To be sure, this kind of gradual exposure to social media won’t prevent mishaps — in December, North livestreamed a video tour of her house on TikTok seemingly without her mother’s permission. North walked into Kardashian’s bedroom and announced, “Mom, I’m live,” to which Kardashian replied, “No, stop, you’re not allowed to.” North giggled, “OK, bye,” before abruptly stopping the livestream.
Mistakes are part of being human, and children absorb what constitutes responsible behavior in part by testing limits and learning where the boundaries are. North’s livestream appears to have been a “teachable moment” for her to learn about keeping family information private.
Too often, questions about children and social media quickly morph into concerns about safety. Protecting children is obviously important, but as internet safety scholar Pamela Wisniewski notes, “there is little evidence that online risk presents more harm than the risks teens typically encounter offline.” While children can more easily access adult material via the internet, harmful situations like cyberbullying, aggressive sexting and online predatory behavior are far from common, and when they do occur, they are typically perpetrated by someone a child knows, rather than a stranger.
Rather than try to prevent children and teens from experiencing negative interactions, Wisniewski advocates an approach that helps children and teens learn how to cope with the negative experiences they will inevitably encounter.
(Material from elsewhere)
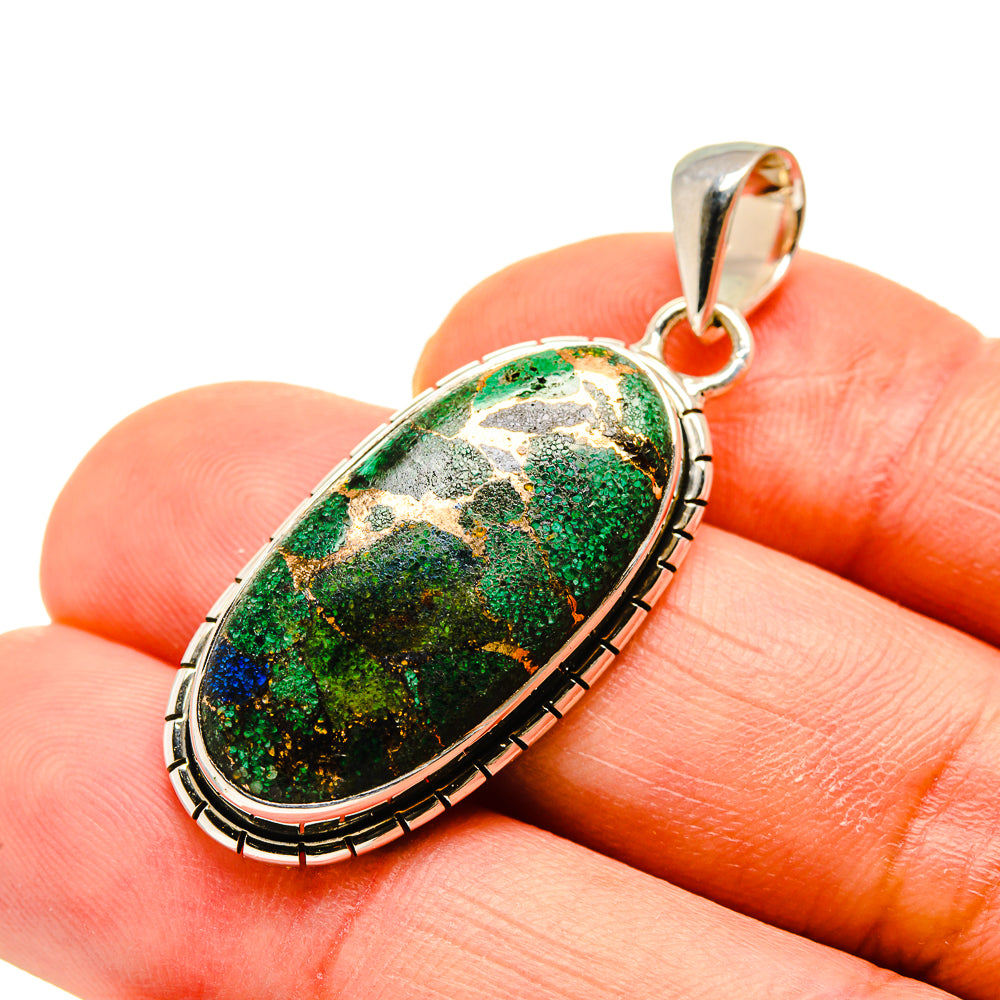 Chrysocolla Pendants handcrafted by Ana Silver Co - PD749777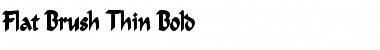 Download Flat Brush Thin Bold Font Title Preview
And the safest way for parents to do this is to introduce their children into digital environments like social media on the caregivers’ own terms.
This is admittedly much easier when parents are on the same page, and that can be hard to come by even in stable relationships, let alone acrimonious divorces. For families who experience tension surrounding a child’s social media presence, I offer the following advice.
First, take comfort in the fact that you’re not alone. Two-thirds of American parents say parenting is harder now than it was 20 years ago, and that’s in part because parents now have the responsibility of managing their families’ digital disclosures on top of getting kids fed, clothed and out the door each morning.
Second, discuss your thoughts, feelings, concerns and preferences surrounding your children’s social media presence. Make sure to include them in these conversations as much as possible. This means sharing with your children what worries you about social media and inviting your children to share with you what excites them about social media so everyone in the family can understand where the others are coming from.
Finally, come up with a plan for ushering children onto social media that recognizes it will likely involve compromise. This is where having a clear sense of what you as a parent are concerned about can help. For instance, if you’re concerned about visibility, the child can start with a private account, and followers can be approved. If you’re concerned about content, the family can together set ground rules for what kind of information is and is not OK to post.
There’s no one-size-fits-all answer here, since each family has its own unique circumstances and tolerance for drama — public or otherwise. A family’s approach to social media will also evolve as kids themselves grow and mature. What’s important is that parents recognize that children’s social media use is an issue to address, not ignore. Social media is here to stay, and a parent’s job is not to try to control a child’s digital presence but to guide it.